In a Joint Legislative Audit and Review Commission report released today to the governor and General Assembly of Virginia, it highlighted the efficiency and effectiveness of K-12 spending and stated, among its conclusions, that K-12 spending has dropped over the last decade in Virginia Beach and across the state.
What it found: Virginia is at about the national average when it comes to K-12 spending, above average in local funding and student achievement, with the state being near the national average in total spending per student on K-12 education, but to no one’s surprise, “divisions spend less to educate each student than a decade ago” – seven percent less in fiscal year 2014 than the average state school division spent in fiscal year 2005, with 95 percent of students educated in divisions spending less per student, which the report notes is not unique to Virginia or K-12 education.
Non-instructional spending dropped more than on the instructional side.
Virginia Education Association president Meg Gruber told the Richmond Times-Dispatch that localities can’t afford to give any more.
“We’re seeing the report verify that our school systems are under extreme stress.”
In Virginia Beach, per-pupil spending averaged $11,047 in FY 2005 and went up to $12,177 in FY 2009, but between FY 2009 and FY 2014, it dropped to $10,729. The FY 2005-2014 decline represented 2.9 percent, but the FY 2009-2014 decline represented 11.9 percent.
The percentage of students the report says are living in poverty in Virginia Beach has also gone up, from 17,814 students (24 percent) in FY 2005 to 23,464 in FY 2014 (33.8 percent). The source of the data comes from a JLARC staff analysis of data from the Virginia Department of Education, measuring poverty as the percentage of students qualifying for free or reduced price lunch through the National School Lunch Program.

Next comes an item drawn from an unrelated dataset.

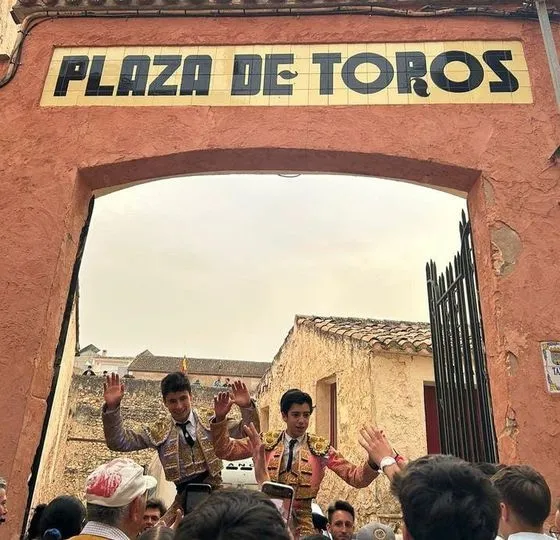 Foto 2 - Marco P&eacute;rez, cuatro orejas en Bocairent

The report stated Virginia teacher salaries ranked 29th of 50 states, as well as the District of Columbia.
The average salary reported for Virginia, $49,800, was below the U.S. average of $56,600, and below most mid-Atlantic states. The state’s average teaching salary has consistently been below the national average. Average teacher salaries, however, have declined in most states over the past decade, after adjusting for inflation.
There’s much more in the report. Read the entire report here, and stay tuned to this post for more.

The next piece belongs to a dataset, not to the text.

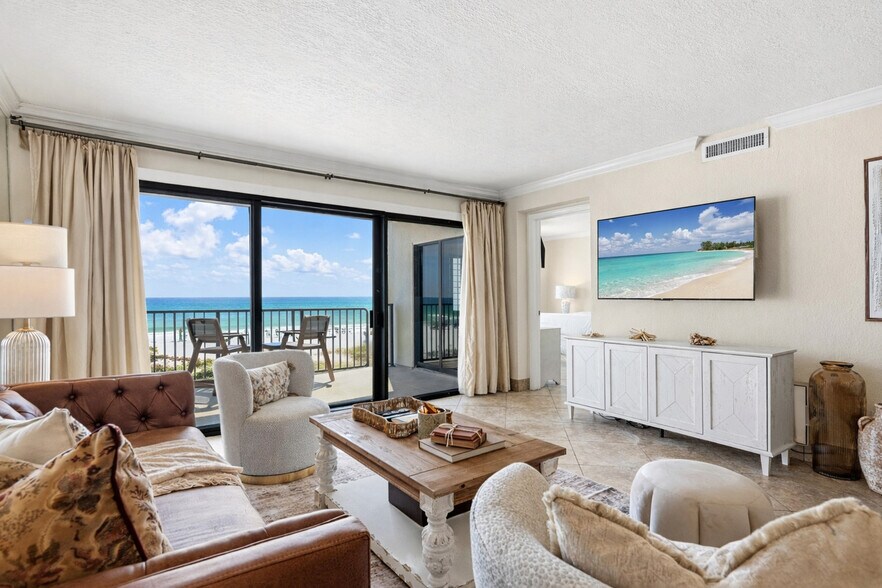 Building Photo - 1044 U.S. 98-SI FL3-ID1502071P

Daily Press: JLARC finds downtrend in K-12 spending
The report dovetails nicely with Gov. Terry McAuliffe’s stated plans to call for more K-12 funding in his upcoming budget, and his Secretary of Education made a bee line into that argument Monday, after the JLARC report had been presented to legislators.
The Daily Press story notes that Senate Majority Leader Thomas K. “Tommy” Norment asked state Education Secretary Anne Holton, if she had an extra $100 million (in theory), what would she do with it. She said she would first have the money appropriated to “schools in high poverty areas.”
Richmond Times-Dispatch: JLARC: Spending drop squeezes schools
Holton described “a trifecta of challenges” — reduced resources, more students who require extra effort to teach, and higher expectations for success. “I am concerned we will not continue to maintain our high-quality education if we continue to starve” local school divisions, she said.